Eventually the state government implemented BASIX. I was surprised to learn that apparments have lower BASIX requirements than single dwellings.
Canberra has stopped gas reticulation in new areas.
My thing is:
- energy efficiency,
- passive design for thermal comfort,
- solar access (this seems to have been reduced from 3 hours to 2 hours),
- natural drying,
- natural ventilation to capture cooling southerlies,
- room for deep soil, vegetation,
- permeable surfaces.
- More recently Bicycle Access, storage and charging.
From the dept of planning:
"We are bringing planning processes up to date and making them easier.

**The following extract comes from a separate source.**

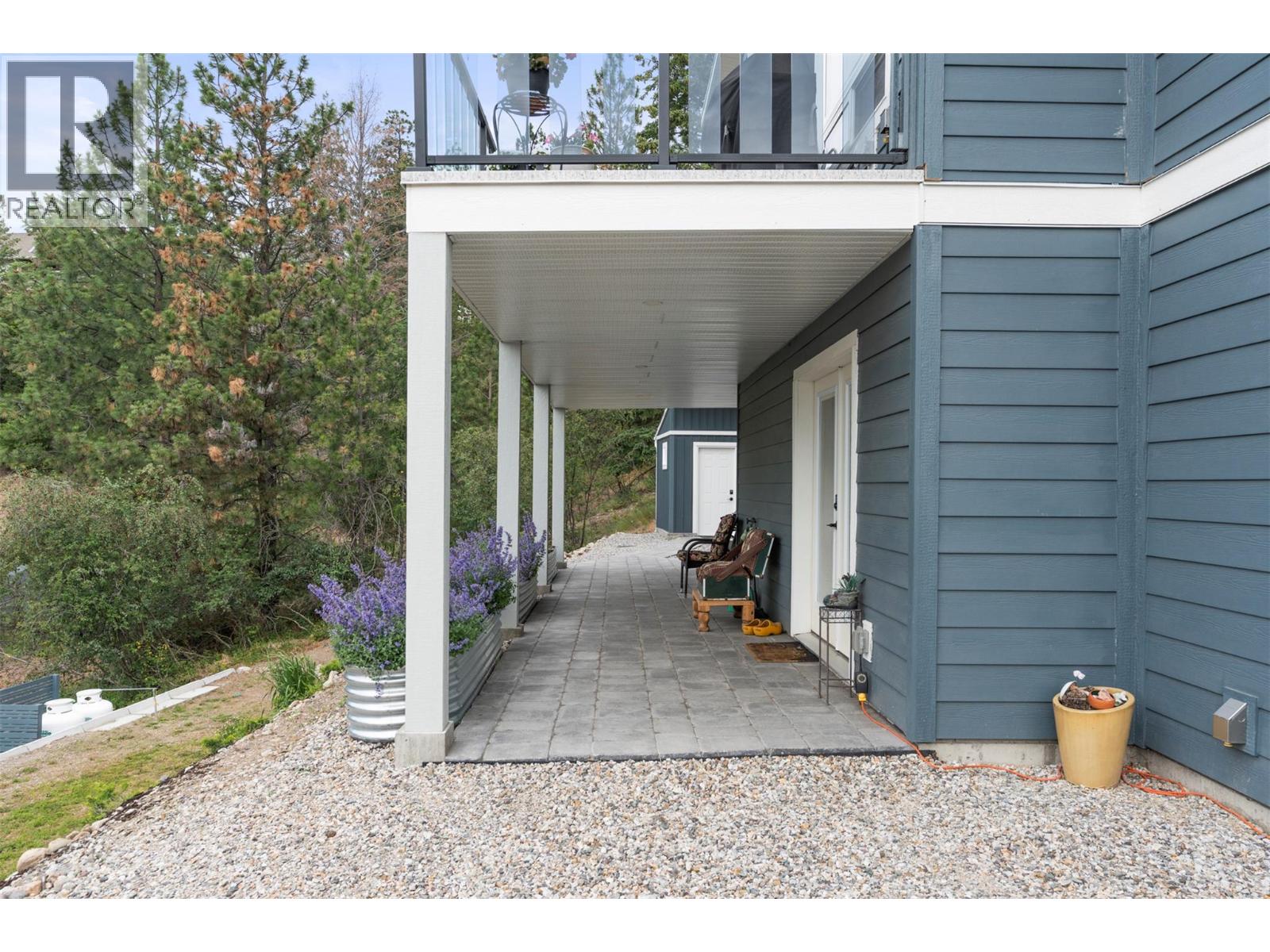 36 Spruce Drive, Vernon, British Columbia  V1H 2B9 - Photo 4 - 10392282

The new Design and Place State Environmental Planning Policy (SEPP) is part of a broader review of all our SEPPs and aims to simplify and consolidate how to deliver good design in NSW."
"Submissions are now open for the Design and Place SEPP Explanation of Intended Effect (EIE). Follow the link below and share with us your views on the design of places in NSW:
The public exhibition will allow us to work closely with state government, local councils, industry peak bodies and communities. This process will inform the development of the Design and Place SEPP and safeguard our shared values for future development in NSW. We will draft the policy in 2021, following the review of the formal submissions and feedback. Submissions are open from now until 31 March 2021. "
"The final Design and Place SEPP will go on public exhibition later in 2021 to provide more opportunities for feedback. We will also develop supporting guidance and tools alongside the policy. These include a revision to the Apartment Design Guide, improvements to the Building Sustainability Index (BASIX) tool and the development of a new Public Space and Urban Design Guide."